Este tipo de juicios refleja una visión limitada y estereotipada del mundo rural, alimentada durante décadas por el cine, la televisión y la publicidad. En el imaginario colectivo todavía predomina la figura del campesino o la campesina de sombrero de paja, machete y ropa gastada. Una imagen romántica y humilde, muchas veces utilizada como símbolo del “pueblo trabajador”, pero rara vez como la de una persona empresaria, profesional o técnica que toma decisiones, invierte y produce con conocimiento.

Sin embargo, la realidad rural de hoy es mucho más diversa. Existen mujeres y hombres productores que dirigen empresas familiares, que invierten en maquinaria moderna, que exportan y que requieren vehículos resistentes, no como símbolo de estatus, sino como herramientas de trabajo. En muchas zonas montañosas o de difícil acceso, un 4x4 no es un lujo: es una necesidad. Pero parece que ciertos sectores no están listos para aceptar que el agro también puede tener éxito, progresar y manejar buenos vehículos sin perder legitimidad.

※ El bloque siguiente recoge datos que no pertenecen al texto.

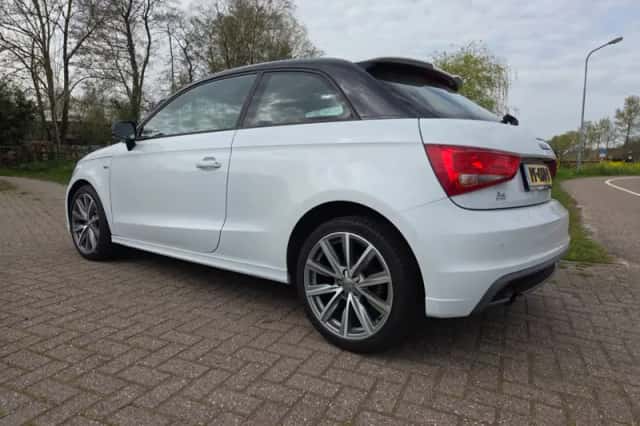 Audi A1 (2014) thumbnail 5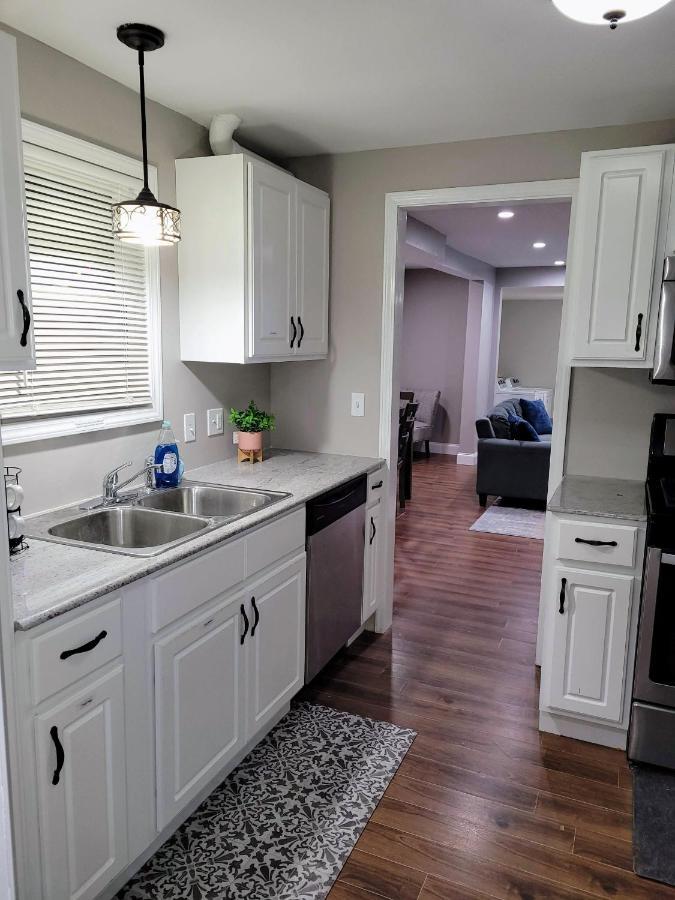 Apartment With Brand New Furniture And Large Parking West Seneca Exterior foto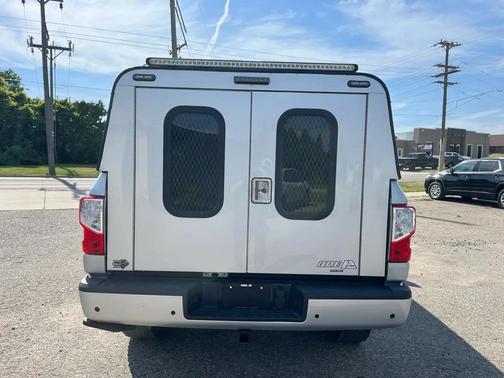 Brilliant Silver Metallic 2021 Nissan Titan XD SV
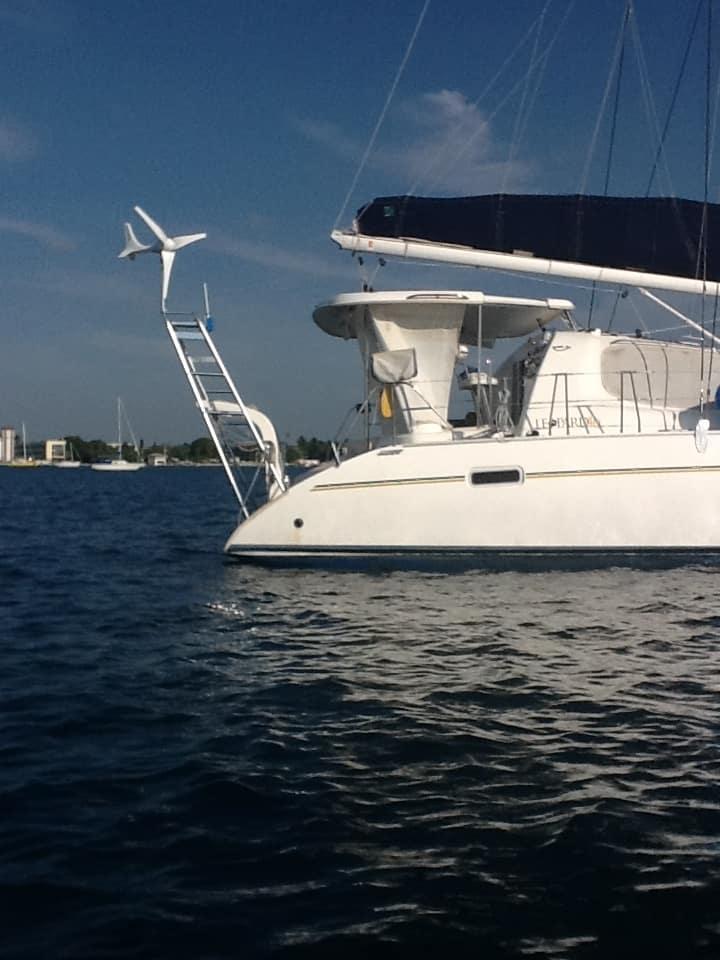 Leopard 40 Catamaran Arch 2007 image 1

Esa incomodidad ante la prosperidad rural evidencia un clasismo silencioso: uno que dicta quién puede tener qué, y bajo qué condiciones se considera “merecido”. El discurso social celebra al agro cuando encarna la pobreza digna, pero lo condena cuando sale de ese molde. En otras palabras, se acepta la imagen del agricultor o la agricultora humilde, pero no la de quienes reclaman, se organizan o prosperan.

La reacción ante las manifestaciones agrícolas no solo reveló desinformación, sino también una jerarquía cultural que sigue midiendo el valor de las personas según sus apariencias y no por su aporte real. Nos cuesta entender que el campo no es solo una visión errónea del pasado, sino un espacio vivo que evoluciona, que incorpora tecnología, conocimiento y nuevas generaciones comprometidas con una producción más moderna.

Quizás el reto no está en defender o atacar al agro, sino en revisar nuestros propios prejuicios. En preguntarnos por qué incomoda que una persona productora tenga un buen vehículo, pero no genera debate que un empresario urbano tenga tres. Porque, en el fondo, lo que molesta no es el vehículo, sino la ruptura de un orden simbólico que algunos aún consideran natural: el del campo abajo y la ciudad arriba.